Input
--- START ---
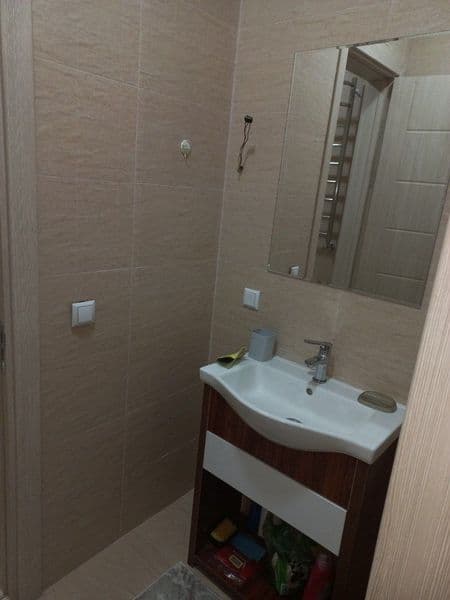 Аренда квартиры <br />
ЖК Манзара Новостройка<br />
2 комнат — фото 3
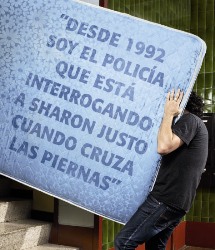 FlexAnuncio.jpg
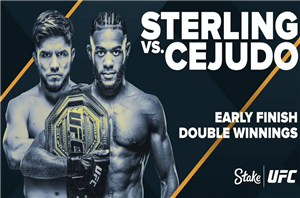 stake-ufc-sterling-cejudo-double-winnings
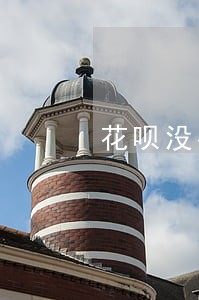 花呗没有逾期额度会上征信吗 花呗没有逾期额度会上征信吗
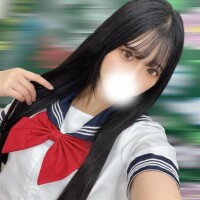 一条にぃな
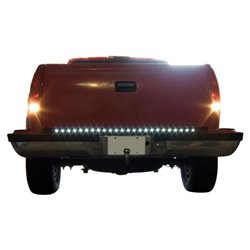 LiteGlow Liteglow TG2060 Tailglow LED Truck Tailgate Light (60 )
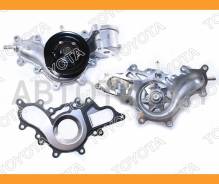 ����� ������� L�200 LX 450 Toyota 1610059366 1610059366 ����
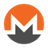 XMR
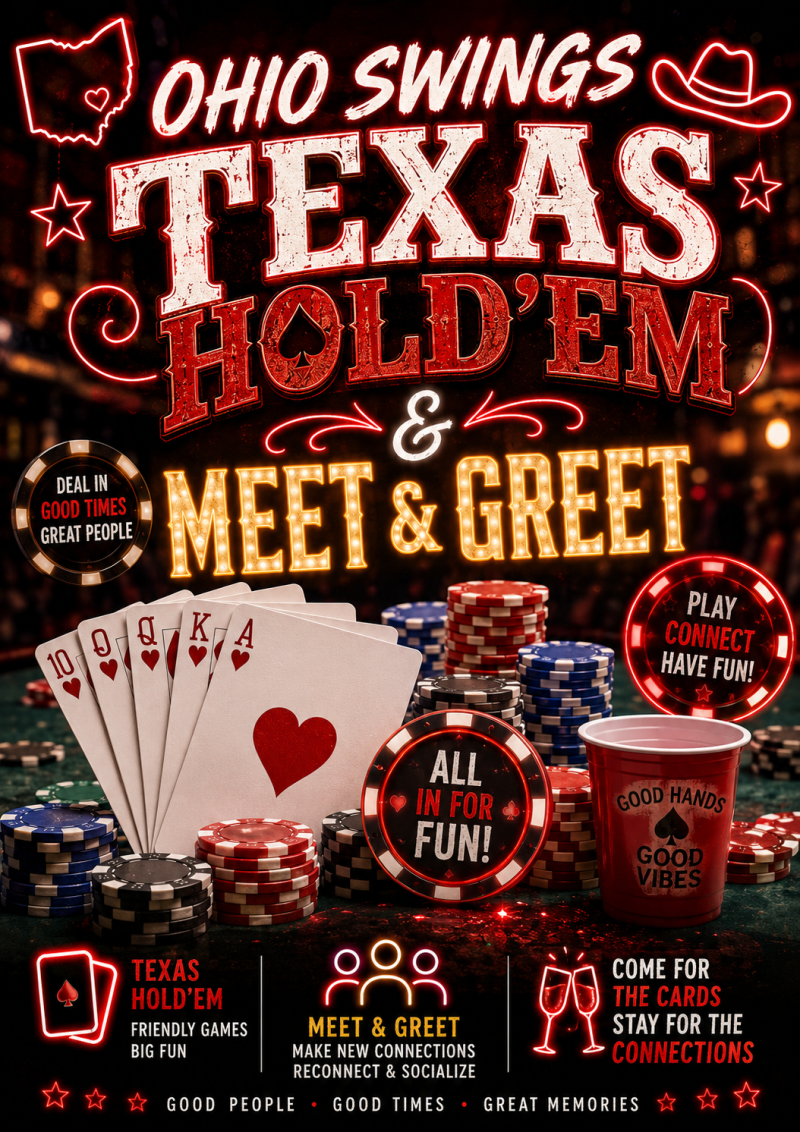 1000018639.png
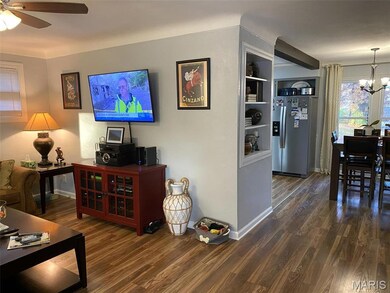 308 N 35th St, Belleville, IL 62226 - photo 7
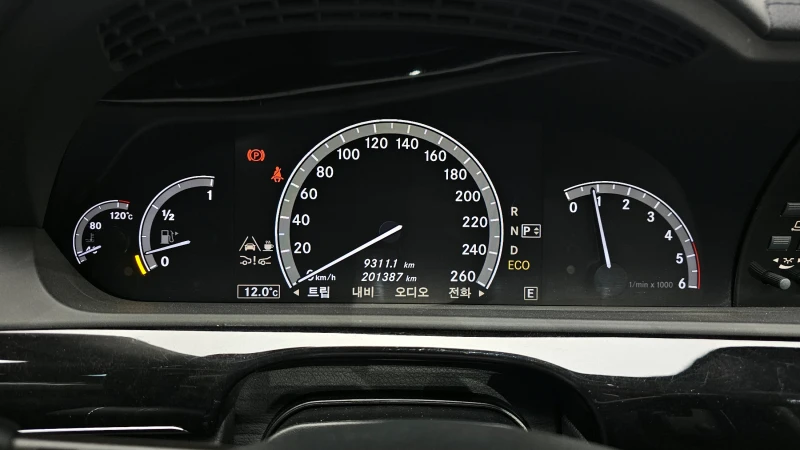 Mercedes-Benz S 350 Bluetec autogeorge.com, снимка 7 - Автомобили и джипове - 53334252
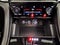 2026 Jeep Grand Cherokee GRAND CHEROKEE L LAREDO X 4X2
--- END ---
--- START ---
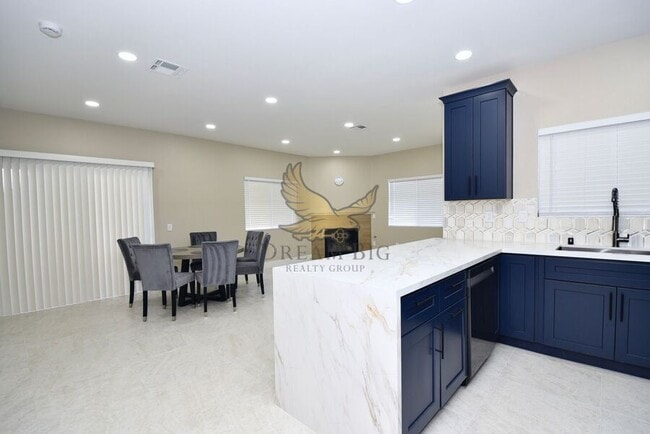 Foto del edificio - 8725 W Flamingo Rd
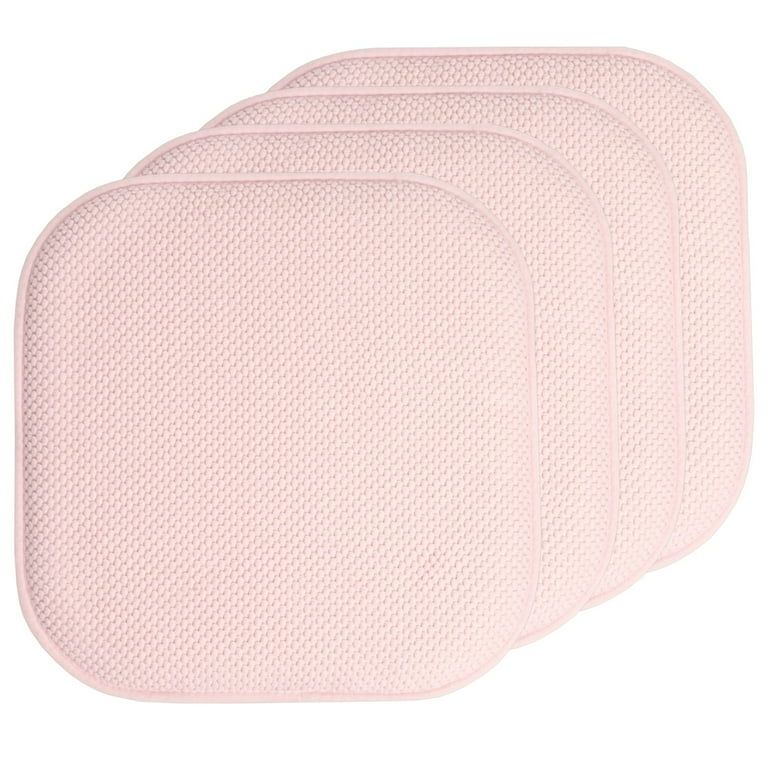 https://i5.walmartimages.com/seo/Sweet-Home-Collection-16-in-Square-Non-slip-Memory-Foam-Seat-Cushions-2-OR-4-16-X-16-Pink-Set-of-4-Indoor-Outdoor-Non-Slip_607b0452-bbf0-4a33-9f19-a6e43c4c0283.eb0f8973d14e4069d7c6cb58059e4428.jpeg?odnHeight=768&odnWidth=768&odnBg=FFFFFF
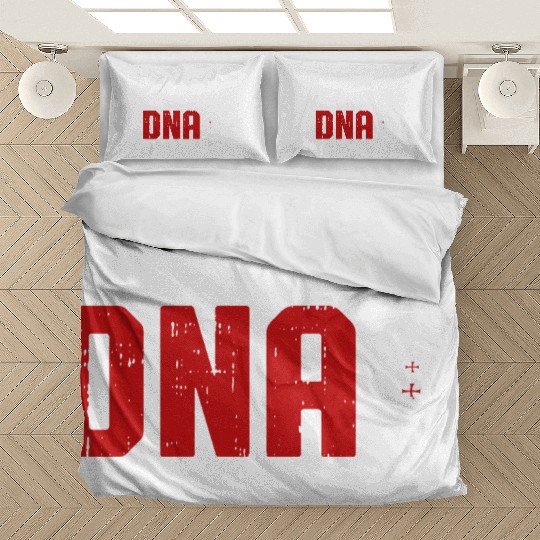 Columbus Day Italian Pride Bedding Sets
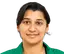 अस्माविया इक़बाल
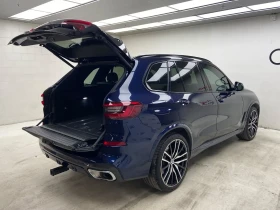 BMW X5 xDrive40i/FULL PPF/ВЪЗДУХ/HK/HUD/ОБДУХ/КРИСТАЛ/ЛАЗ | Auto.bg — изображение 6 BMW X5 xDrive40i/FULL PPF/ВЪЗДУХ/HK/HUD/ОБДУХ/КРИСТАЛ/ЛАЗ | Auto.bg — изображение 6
--- END ---
Required action
Reproduce exactly the lines above starting at the line containing "Аренда квартиры <br />" and ending at the line containing "2026 Jeep Grand", including both, but not the pictures.

Exercise response
 Аренда квартиры <br />
ЖК Манзара Новостройка<br />
2 комнат — фото 3
 FlexAnuncio.jpg
 stake-ufc-sterling-cejudo-double-winnings
 花呗没有逾期额度会上征信吗 花呗没有逾期额度会上征信吗
 一条にぃな
 LiteGlow Liteglow TG2060 Tailglow LED Truck Tailgate Light (60 )
 ����� ������� L�200 LX 450 Toyota 1610059366 1610059366 ����
 XMR
 1000018639.png
 308 N 35th St, Belleville, IL 62226 - photo 7
 Mercedes-Benz S 350 Bluetec autogeorge.com, снимка 7 - Автомобили и джипове - 53334252
 2026 Jeep Grand Cherokee GRAND CHEROKEE L LAREDO X 4X2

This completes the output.